The land is on pledge with our family from Nwaneshindo to my father Okoro. The defendant is a close relation. This Nwaneshindo was the father of the plaintiff. The pledge money is 10% or N 1.00 … during time we were sharing our family lands, this disputed land was not shared and again our mother told us that the disputed land was on pledge with our family.”

From the above, there is no doubt that the appellant failed to challenge the vital corroborative evidence of PW2 in favour of the respondent.

It is still very important to note, that the land claimed by the respondent is known and called as “Ofe Owerre Ihunyereaku”; and PW2 and DW2 also identified the same land claimed by the respondent. But to the contrary, the appellant called the land in dispute as” ala Udara Ofor”. The appellant still called DW2 named John Emeruem, but instead of supporting the appellant, DW2 agreed with the respondent that the land is called “Ihunyereaku” and thus, not “ala Udara Ofor”. The above evidence show that the appellant was just on his own. He could not even call his mother DW3 to come to the locus in quo to identify the land in dispute. From the totality of evidence at the trial court in connection with the pledge, and the identity of the land in dispute, I am fully satisfied that the findings of fact that the land was on pledge from the grand father and uncle of the respondent to the grand father of the appellant is well established by the credible evidence of respondent, PW2 and DW2.

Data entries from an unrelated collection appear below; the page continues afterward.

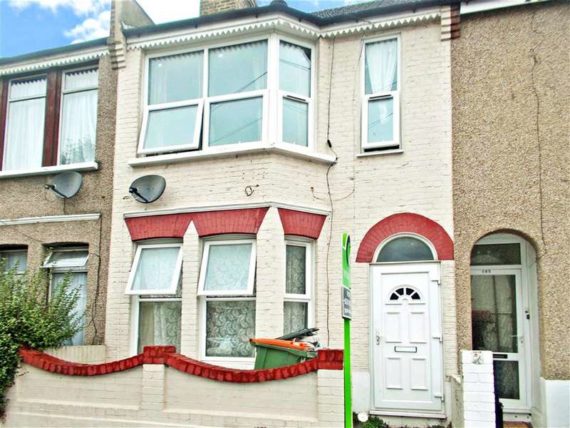 East Ham London East Ham, E6 6...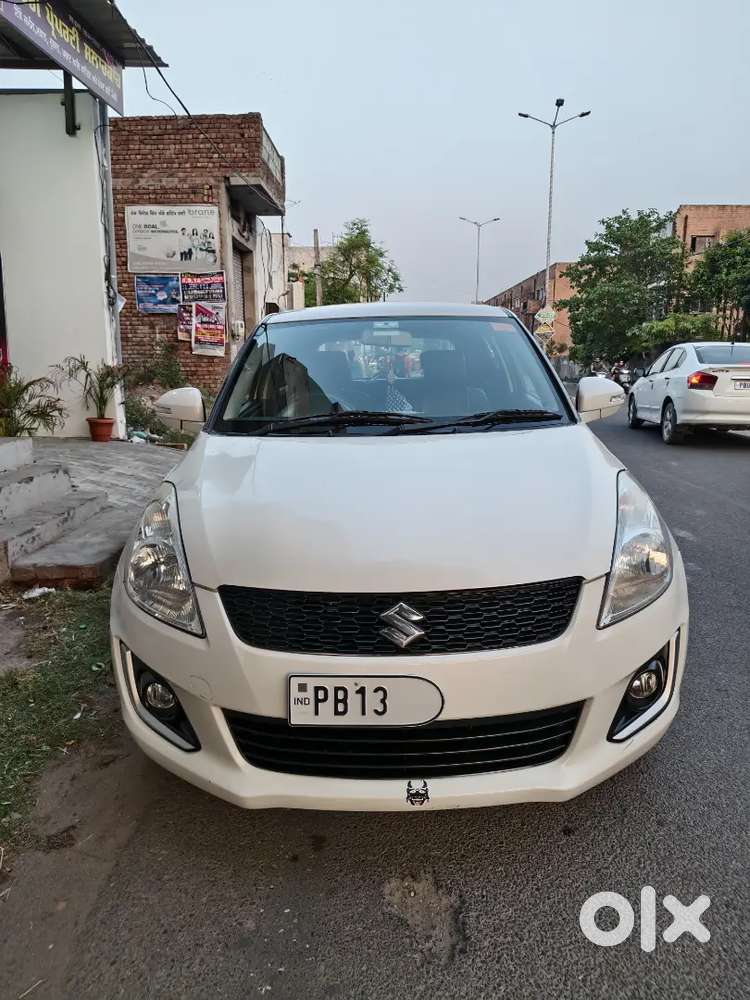 Maruti Suzuki Swift 2017 Diesel 77850 Km Driven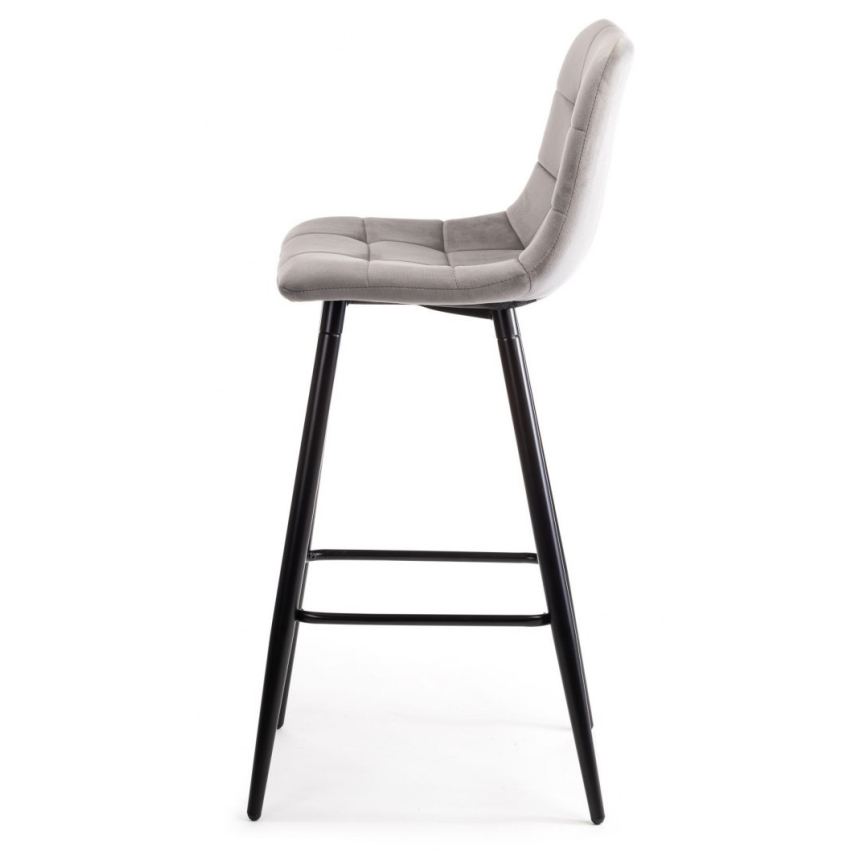 KOMPLEKT 2x Baaritool HOKER 105x44 cm hall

The respondent had established his link or nexus to the land through his father Nwaneshindo from his grand father Okoro. This evidence was clearly established by PW2 – Jonathan Okoro.

From the above findings, I am satisfied that the respondent’s claim to pledge the land in dispute was competent and in fact, the trial Customary Court had properly evaluated the totality of evidence adduced by the parties before it. The Customary Court of Appeal was perfectly right in not disturbing the findings of the trial court as shown on pages 66 – 68 of the record of appeal. In effect, issues 3 and 4 are resolved against the appellant.

Appellate court has no duty to disturb the findings of fact established by the lower courts unless the trial court failed to evaluate the evidence adduced before its decision.

Issues of facts in respect of which there have been two concurrent findings by the Customary Court and the Customary Court of Appeal, the attitude of the Court of Appeal is that in the absence of special circumstances, this court will not allow a question of fact to be re-opened where there have been two concurrent findings of fact. In the instant appeal before this court, there is no special circumstance shown by the appellant to justify a reconsideration of the two lower courts’ findings. See Sule Oladejo Asariyu v. The State (1987) SC 62, 72; (1987) 4 NWLR (Pt.67) 709; U.B.A. Plc v. B.T.L Ind. Ltd. (2004) 18 NWLR (Pt.904) 180; Otun v. Otun (2004) 14 NWLR (Pt.893) 381; Ibori v. Agbi (2004) 6 NWLR (Pt.868) 78.

In conclusion, it is adjudged that this Appeal is of no merit as all issues formulated by the appellant failed. I dismiss the appeal and affirm the decisions of the lower Customary Court and Customary Court of Appeal delivered on 05-05-1994. I award costs of N10,000.00 in favour of the respondent against the appellant.